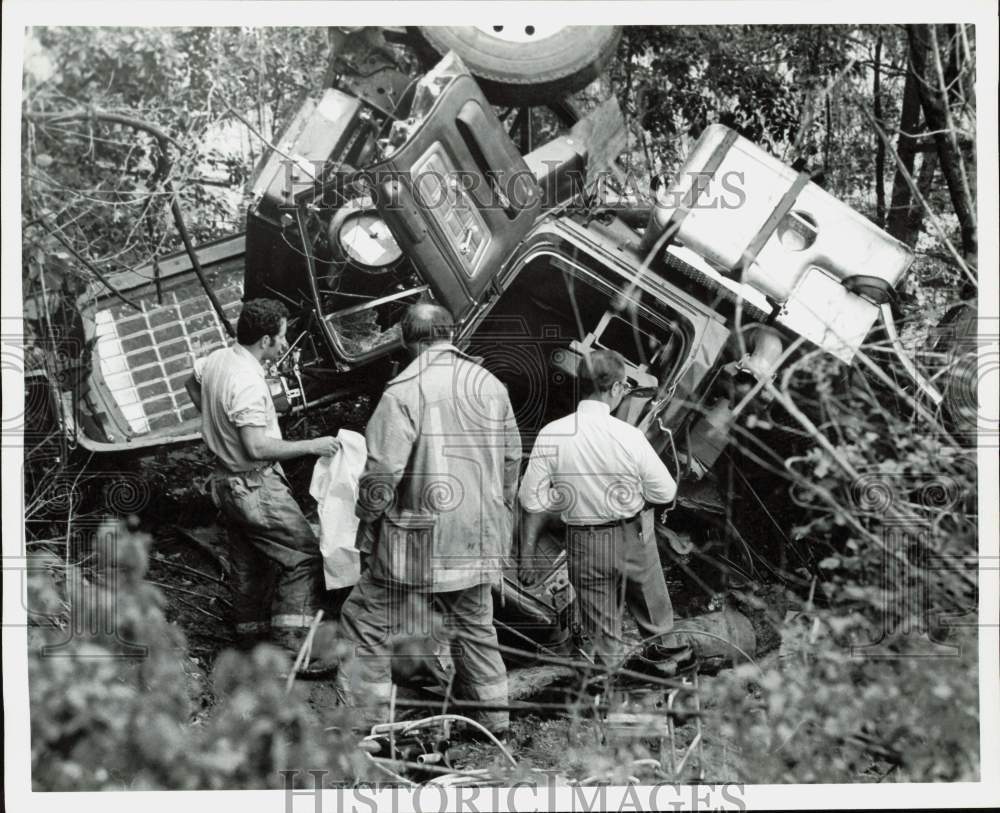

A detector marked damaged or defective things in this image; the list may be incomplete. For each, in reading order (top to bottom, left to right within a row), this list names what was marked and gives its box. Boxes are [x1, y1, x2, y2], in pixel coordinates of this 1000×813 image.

crashed vehicle [45, 27, 920, 652]
overturned truck [41, 27, 928, 660]
exposed tire [412, 25, 616, 105]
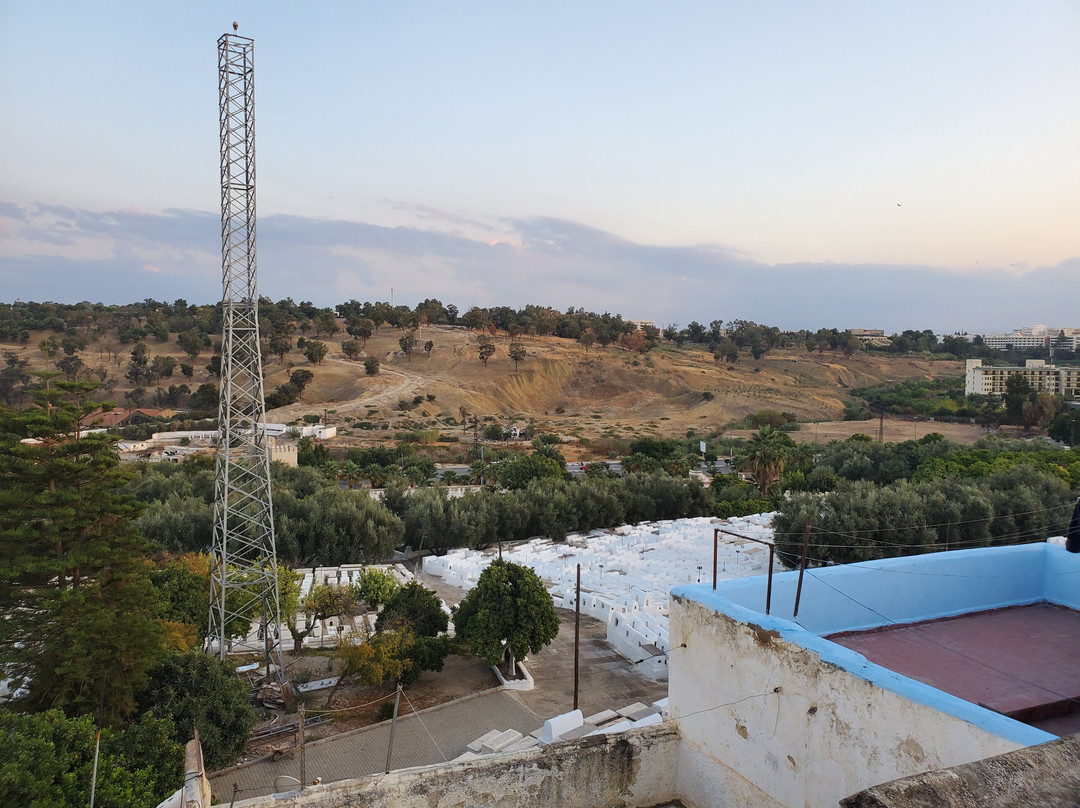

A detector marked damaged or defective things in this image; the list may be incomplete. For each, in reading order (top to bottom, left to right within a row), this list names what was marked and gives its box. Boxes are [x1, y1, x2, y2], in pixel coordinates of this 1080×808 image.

rusty metal pole [794, 518, 812, 617]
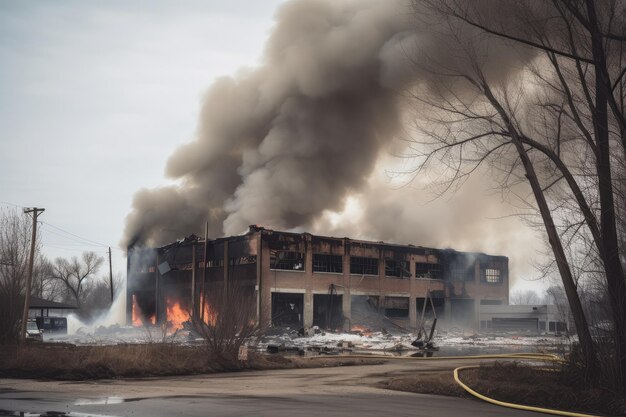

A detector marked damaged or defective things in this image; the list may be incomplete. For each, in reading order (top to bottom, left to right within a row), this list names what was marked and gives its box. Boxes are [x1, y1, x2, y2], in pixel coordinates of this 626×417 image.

broken window [270, 250, 304, 270]
broken window [310, 254, 342, 272]
broken window [348, 255, 378, 274]
broken window [386, 258, 410, 278]
broken window [412, 262, 442, 278]
broken window [480, 266, 500, 282]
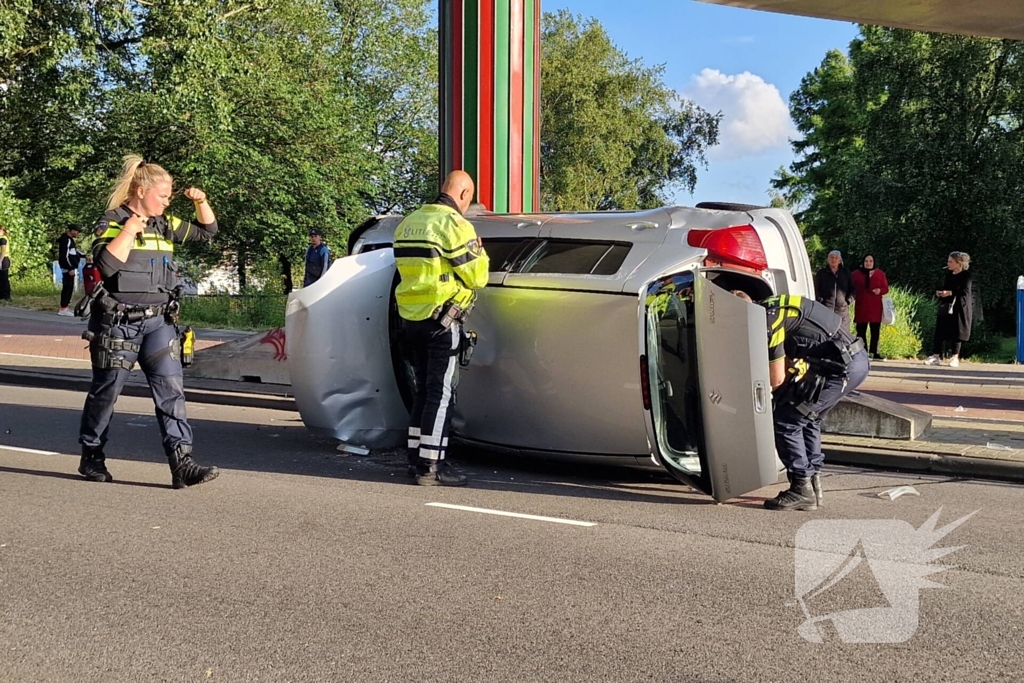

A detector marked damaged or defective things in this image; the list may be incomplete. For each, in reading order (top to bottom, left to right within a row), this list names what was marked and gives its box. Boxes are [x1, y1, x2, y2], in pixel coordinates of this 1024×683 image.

overturned silver car [286, 203, 816, 502]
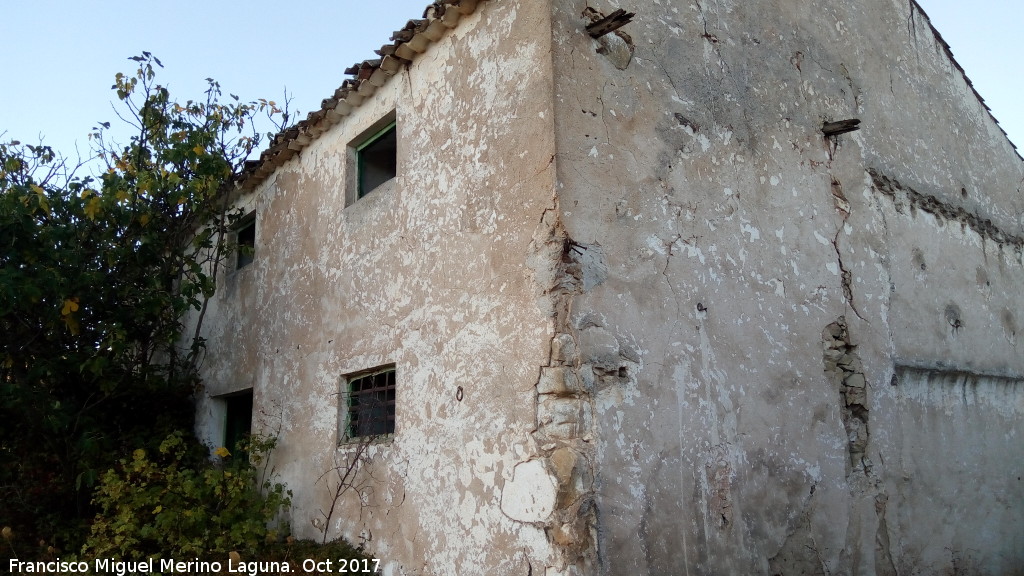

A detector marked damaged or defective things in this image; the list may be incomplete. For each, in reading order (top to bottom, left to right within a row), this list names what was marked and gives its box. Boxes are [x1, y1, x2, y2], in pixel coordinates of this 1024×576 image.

cracked plaster wall [552, 0, 1024, 569]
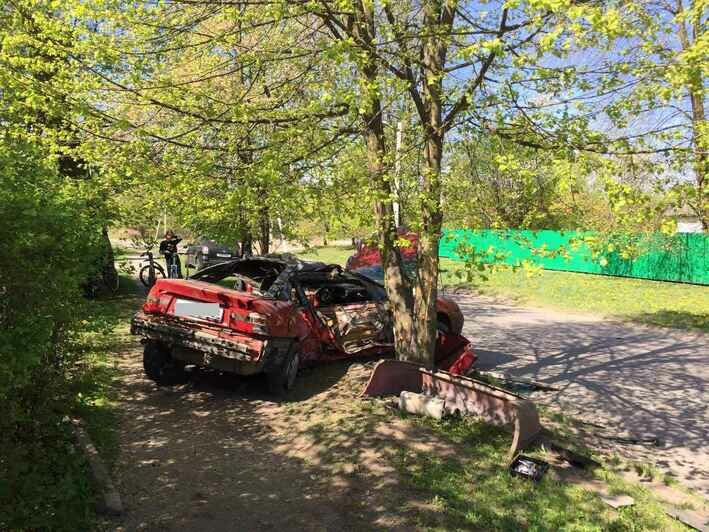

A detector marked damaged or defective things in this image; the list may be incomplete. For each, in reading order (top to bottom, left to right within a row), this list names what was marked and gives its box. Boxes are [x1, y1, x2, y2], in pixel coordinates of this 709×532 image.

severely damaged red car [133, 256, 476, 392]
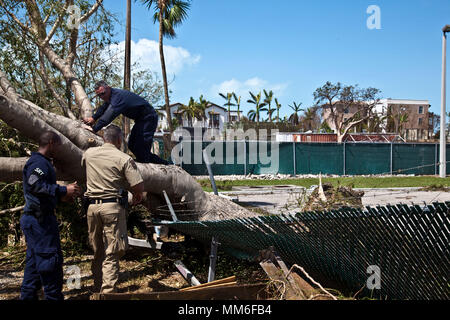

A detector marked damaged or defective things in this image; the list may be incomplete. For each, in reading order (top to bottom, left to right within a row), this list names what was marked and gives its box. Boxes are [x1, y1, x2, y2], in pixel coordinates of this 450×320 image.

damaged fence [159, 202, 450, 300]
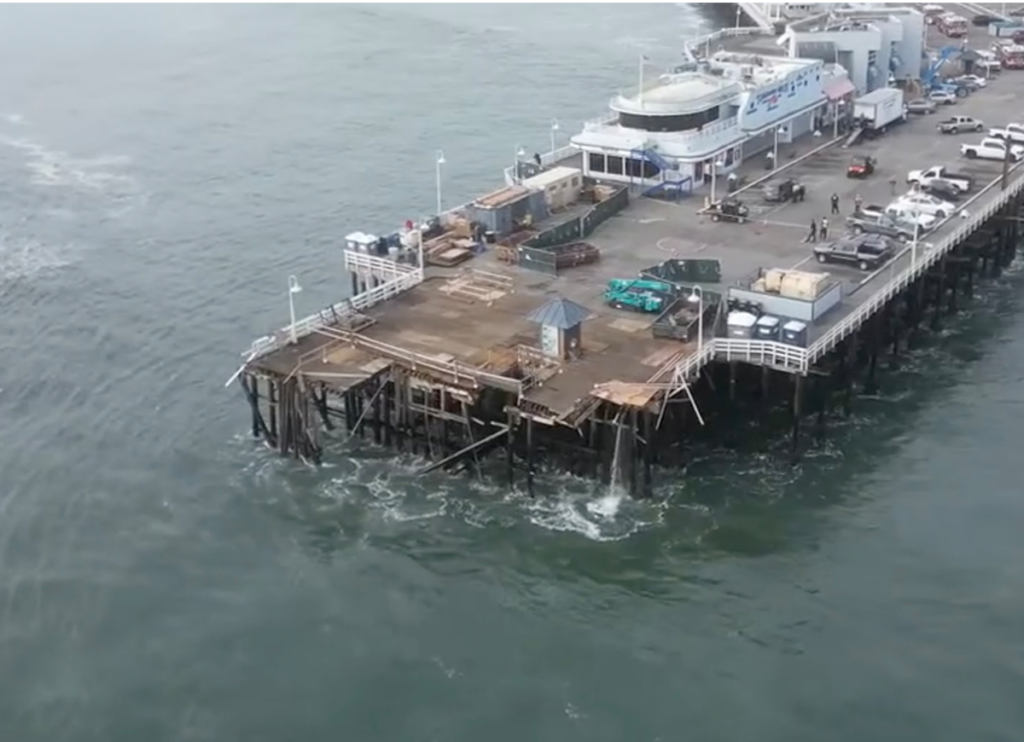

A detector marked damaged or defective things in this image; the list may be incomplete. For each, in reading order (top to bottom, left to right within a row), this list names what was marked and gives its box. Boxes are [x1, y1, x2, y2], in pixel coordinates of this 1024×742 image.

damaged wooden pier [230, 91, 1024, 500]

Problem statement: Pictures included in the data should be dropped; everything else must be repeated exactly.

Result for this exercise:
A detector marked damaged or defective things in this image; the list may be incomplete. For each, in reading order (top to bottom, left to right within a row), this list names what was marked and gives its box. Boxes are [x1, y1, x2, y2], in pixel coordinates of this 1000×813 image.

crashed vehicle [45, 27, 920, 652]
overturned truck [41, 27, 928, 660]
exposed tire [412, 25, 616, 105]

A detector marked damaged or defective things in this image; the list may be incomplete. For each, in reading order (top to bottom, left to right within a row), this list names what was marked and gives its box. Boxes are [x1, y1, x2, y2], in pixel coordinates of this 1080×808 image.

rusty metal pole [794, 518, 812, 617]

A detector marked damaged or defective things in this image; the list may be incomplete. For each, in reading order (top to bottom, left to right within a row), this list names what was marked and gives its box. Boxes are [x1, y1, x2, y2], in pixel coordinates of this 626×417 image.

broken window [270, 250, 304, 270]
broken window [310, 254, 342, 272]
broken window [348, 255, 378, 274]
broken window [386, 258, 410, 278]
broken window [412, 262, 442, 278]
broken window [480, 266, 500, 282]

A detector marked damaged or defective things in this image; the list may be incomplete. For each, in reading order (top to bottom, left to right within a row), this list names what was marked and gives its box. Boxes are [x1, y1, x2, y2], in pixel coordinates of this 1024×683 image.

overturned silver car [286, 203, 816, 502]

A detector marked damaged or defective things in this image; the list may be incomplete. For each, in reading order (top to bottom, left to right within a row), this list names what was marked and gives its box. Boxes are [x1, y1, x2, y2], in pixel coordinates of this 1024×576 image.

cracked plaster wall [552, 0, 1024, 569]

A detector marked damaged or defective things in this image; the list may be incomplete. For each, in reading order (top to bottom, left to right within a row), this list names what was marked and gives its box. Boxes are [x1, y1, x2, y2], in pixel coordinates of this 709×532 image.

severely damaged red car [133, 256, 476, 392]

A detector marked damaged or defective things in this image; the list may be incomplete. For each, in reading order (top to bottom, left to right within a row), this list names what was marked and gives its box. Boxes are [x1, y1, x2, y2], in pixel coordinates of this 450×320 image.

damaged fence [159, 202, 450, 300]

A detector marked damaged or defective things in this image; the list may be incomplete. For each, in reading order (top to bottom, left to right within a row), this list names what was marked and gives its box. Boxes are [x1, y1, x2, y2], in pixel coordinates of this 1024×742 image.

damaged wooden pier [230, 91, 1024, 500]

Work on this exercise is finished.